Densho Digital Archive
gayle k. yamada Collection
Title: Roy Takai Interview
Narrator: Roy Takai
Interviewer: gayle k. yamada
Location: El Macero, California
Date: October 20, 2000
Densho ID: denshovh-troy-01-0002

<Begin Segment 2>

gky: When you went to Camp Savage, what was it like? Can you describe physically the camp?

RT: Camp Savage is a, used to be an old man's home and they converted it into an army camp, and it was isolated. It was eighteen miles south of Minneapolis. There were very few people in the, Minnesota who knew about the camp. It was a very lonely place, and the training was very stringent. We had to study a normal eight hours a day, and after supper we had to study two more hours in the classroom. So every day we studied about ten hours a day, and we had to learn fifty new Chinese characters a day. It was a very, very hard training. And coming directly out of camp, military life was strange to us to begin with, and it was tougher on those who went directly to Camp Savage without any army training.

gky: You were also a kid from California. This must have been the first time you were in weather as cold as Minnesota.

RT: Yes. The climate was very, very cold there and every Wednesday we used to be given a half a day off to go into Minneapolis to bowl and to have recreation. And one Wednesday, it got so cold and it snowed so much that no one could make it back to Camp Savage. It got that cold, and it was very miserable for those of us in California who were used to a nice climate.

gky: Were you one of the people who went to the latrines at night to study?

RT: No, I didn't have to do that. I know that there were quite a number who did that, but I managed to get through my lessons and learn enough so that I didn't have to go through the latrine at night to study.

gky: What was, what class were you in at Camp Savage?

RT: What class we were in, the class that started at Camp Savage in December 1942, and there were approximately twenty-five different classes. And I was in Class 9, nine out of twenty-five that -- top linguists were in Class 1 and the poorest linguists were in Class 25.

gky: So you were in about the middle?

RT: A little above middle, yeah. Nine out of twenty-five.

gky: Okay. In June, '43, you went to Camp Shelby to do basic training?

RT: Yes.

gky: Can you talk a little about that?

RT: After we completed our training at Camp Savage, all those of us who had no army training previously were sent to Camp Shelby to undergo basic infantry training. And we were sent there, approximately 125 of us were sent there and we went through basic training with the members of the 442nd there. They formed a special company and called it "Company S," which was very unusual, they had no Company S infantry designation of the U.S. Army, but they named us Company S because of Camp Savage or because of the school.

gky: Was training, was basic training hard?

RT: Basic training was very difficult for us because it was a rush job. They wanted to give us enough training so that if we were sent to the combat, so we would know we would be able to survive and defend ourselves. They made us take the same training that the members of the 442nd were taking and that was really hard, hard training.

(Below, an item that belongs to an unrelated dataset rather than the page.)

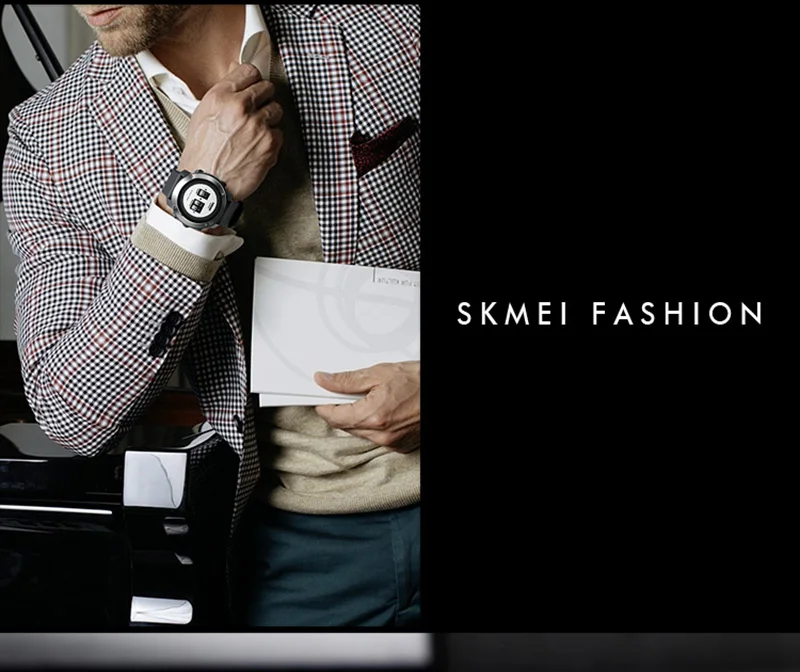 SKMEI новые модные часы мужские спортивные цифровые наручные часы многофункциональные водонепроницаемые мужские кварцевые часы Relogio Masculino 1486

gky: What was the hardest thing that you remember?

RT: The hardest thing I can remember is the forced marches. You wear a full field pack, you carry a full weapon, and you go on marches. And you have to cover a certain number of miles within a certain number, in a certain period of time, and that is very tough unless you're really physically trained to do something like that.

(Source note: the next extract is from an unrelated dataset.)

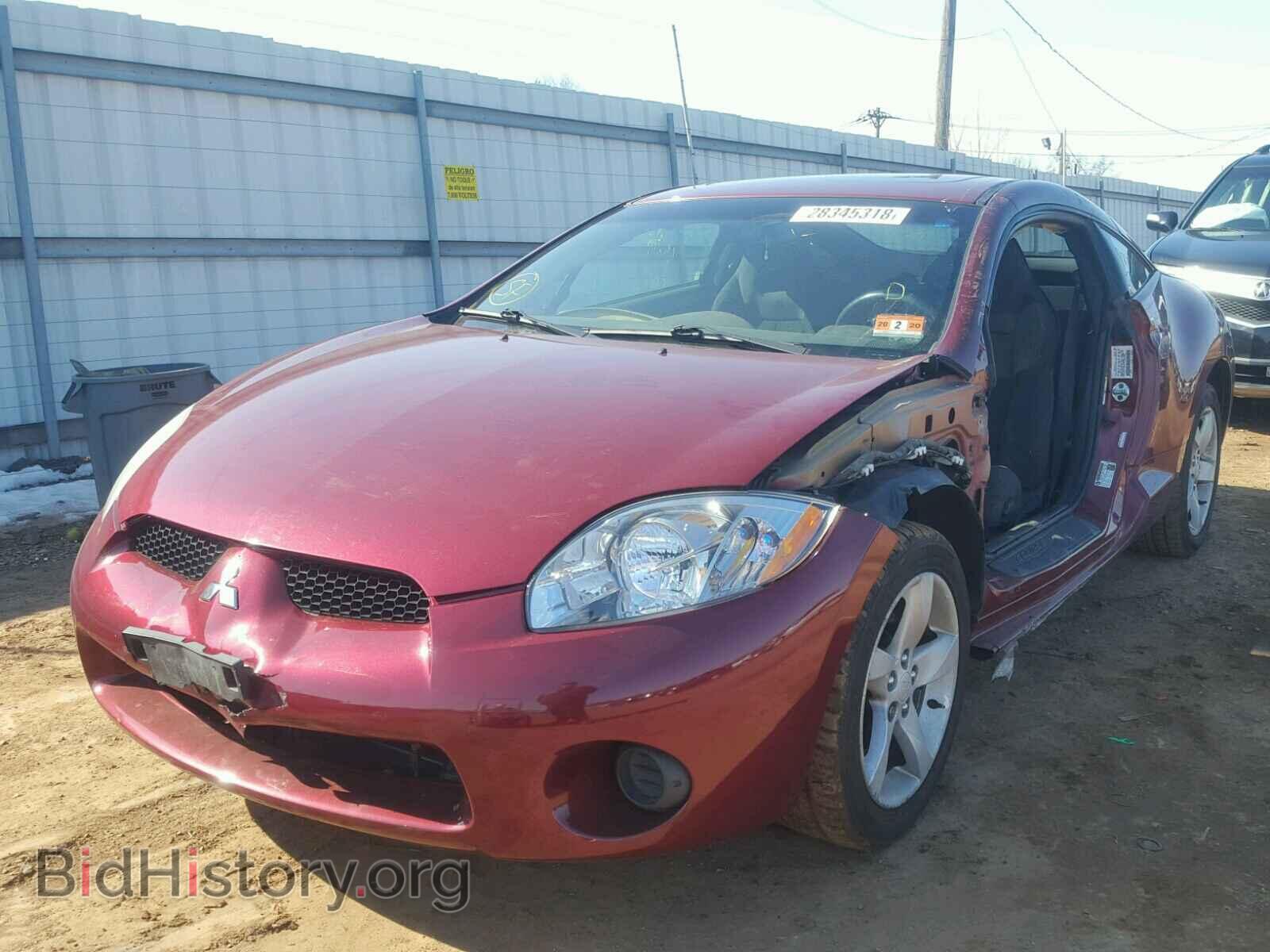 2006 MITSUBISHI ECLIPSE - VIN: 4A3AK24F16E047037 - Photo 2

gky: When you first were shipped out, you went to Miami. What was that like going to Miami as opposed to the West Coast?

RT: It was kind of a surprise to us that our team was sent to Miami. We were not told where we were going, except that we were going to Miami, and we arrived in Miami and we expected to go somewhere in Miami, someplace overseas. We didn't know where, and we discovered, they discovered that we had not taken yellow fever shots, and we could not ship out for at least two weeks after we took our yellow fever shot. So we were stationed there in Miami, waiting to be shipped out, and we -- even though we were all equivalent and non-commissioned officers, we had to do kitchen duty, KP duty, and regular duty that all privates had to do in Miami. So it was quite an experience for us.